Aan de verdachte is tenlastegelegd hetgeen vermeld staat in de inleidende dagvaarding, waarvan een kopie in dit arrest is gevoegd.
In eerste aanleg is de verdachte ter zake van het onder 1 en 2 tenlastegelegde veroordeeld tot een gevangenisstraf voor de duur van veertien jaren, met aftrek van voorarrest.
De verdachte heeft tegen het vonnis hoger beroep ingesteld.
Het vonnis waarvan beroep
Het vonnis waarvan beroep kan niet in stand blijven omdat het hof zich daarmee niet verenigt.
Het hof acht wettig en overtuigend bewezen dat de verdachte het onder 1 en 2 tenlastegelegde heeft begaan, met dien verstande dat:
(zie de hierna ingevoegde bijlage die van dit arrest deel uitmaakt)
Hetgeen meer of anders is tenlastegelegd, is niet bewezen.
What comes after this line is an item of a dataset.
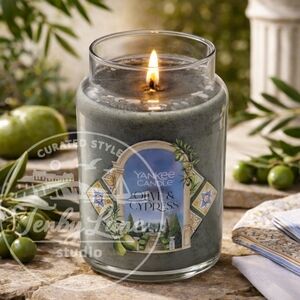 Yankee Candle Olive & Cypress 22oz Large Jar Fresh Green Woodsy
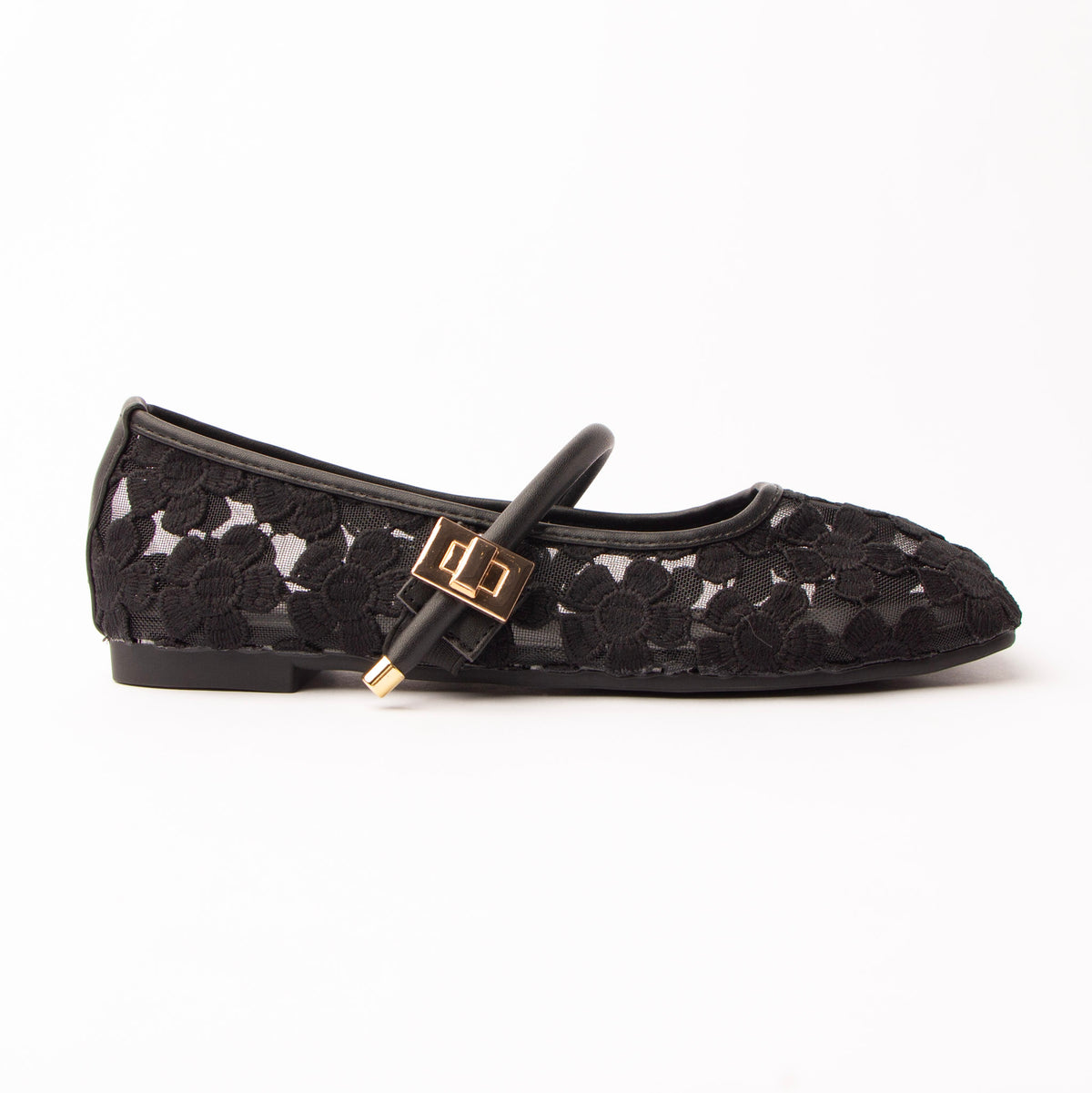 Black flats for women, side view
De verdachte moet daarvan worden vrijgesproken.
Voor zover in de tenlastelegging taal- en/of schrijffouten voorkomen, zijn deze in de bewezenverklaring verbeterd. Blijkens het verhandelde ter terechtzitting is de verdachte daardoor niet geschaad in de verdediging.
Het hof grondt zijn overtuiging dat de verdachte het bewezenverklaarde heeft begaan op de feiten en omstandigheden die in de bewijsmiddelen zijn vervat en die reden geven tot de bewezenverklaring.
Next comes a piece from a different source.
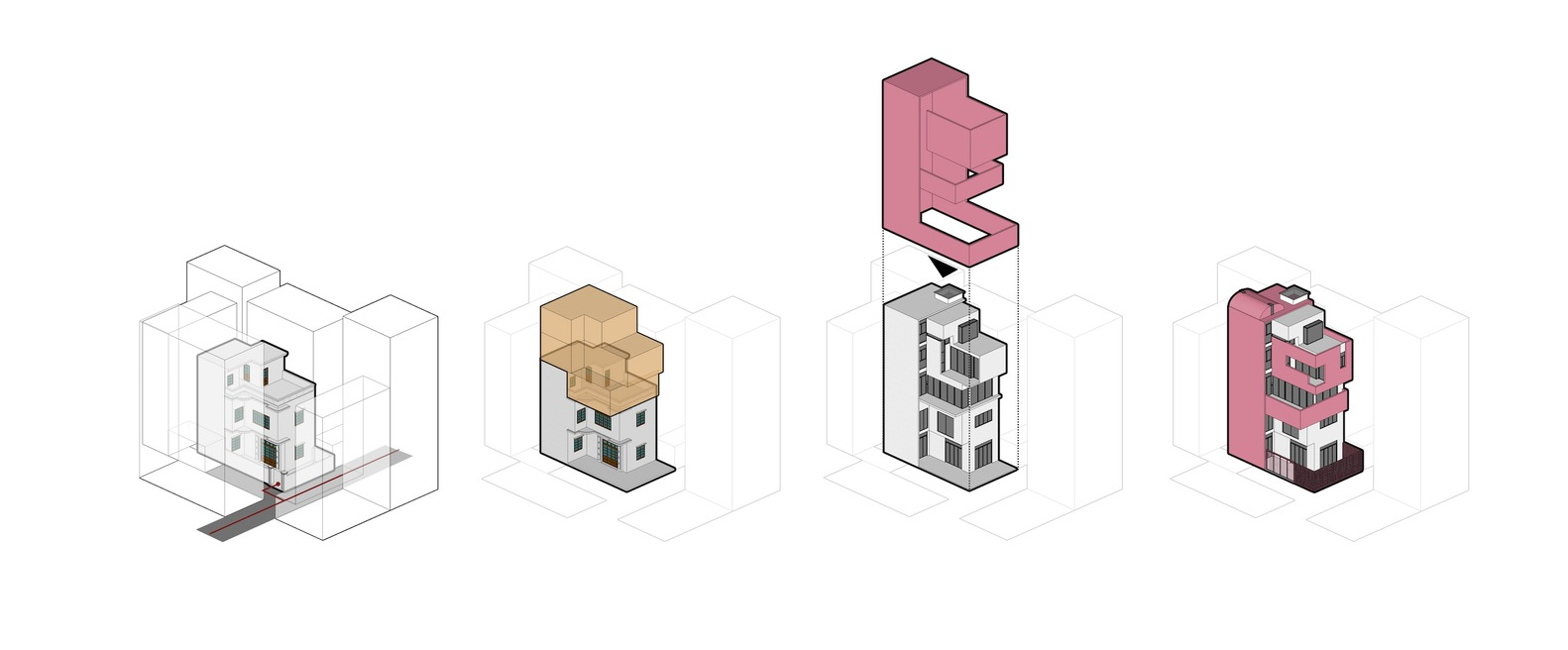 Axonometric diagram showing four stages of volumetric assembly with tan and pink upper volumes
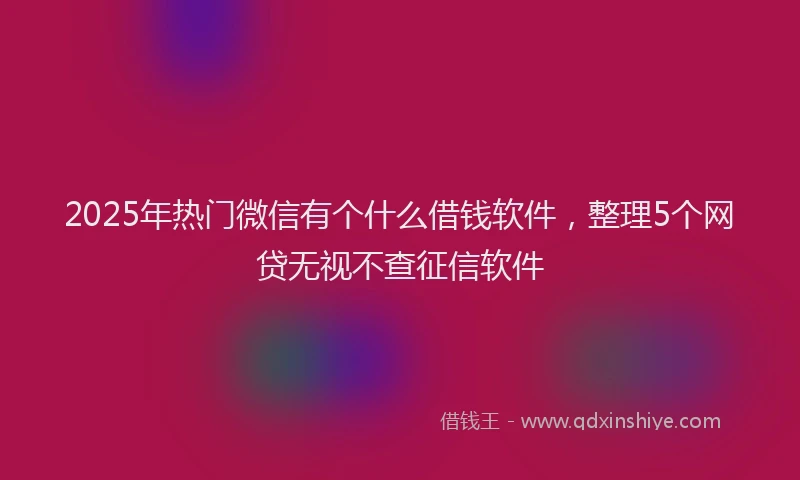2025年热门微信有个什么借钱软件，整理5个网贷无视不查征信软件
In die gevallen waarin de wet aanvulling van het arrest vereist met de bewijsmiddelen, dan wel, voor zover artikel 359, derde lid, tweede volzin, van het Wetboek van Strafvordering wordt toegepast, met een opgave daarvan, zal zulks plaatsvinden in een aanvulling die als bijlage aan dit arrest zal worden gehecht.
Strafbaarheid van het bewezenverklaarde
Het bewezenverklaarde levert op:
2. Medeplegen van handelen in strijd met artikel 26, eerste lid van de Wet wapens en munitie en het feit begaan met betrekking tot een vuurwapen van categorie III.
Strafbaarheid van de verdachte
Er is geen omstandigheid aannemelijk geworden die de strafbaarheid van de verdachte uitsluit. De verdachte is dus strafbaar.
De advocaat-generaal heeft geconcludeerd tot vernietiging van het vonnis waarvan beroep en tot veroordeling van de verdachte ter zake van het onder 1 en 2 tenlastegelegde tot een gevangenisstraf voor de duur van veertien jaren, met aftrek van voorarrest.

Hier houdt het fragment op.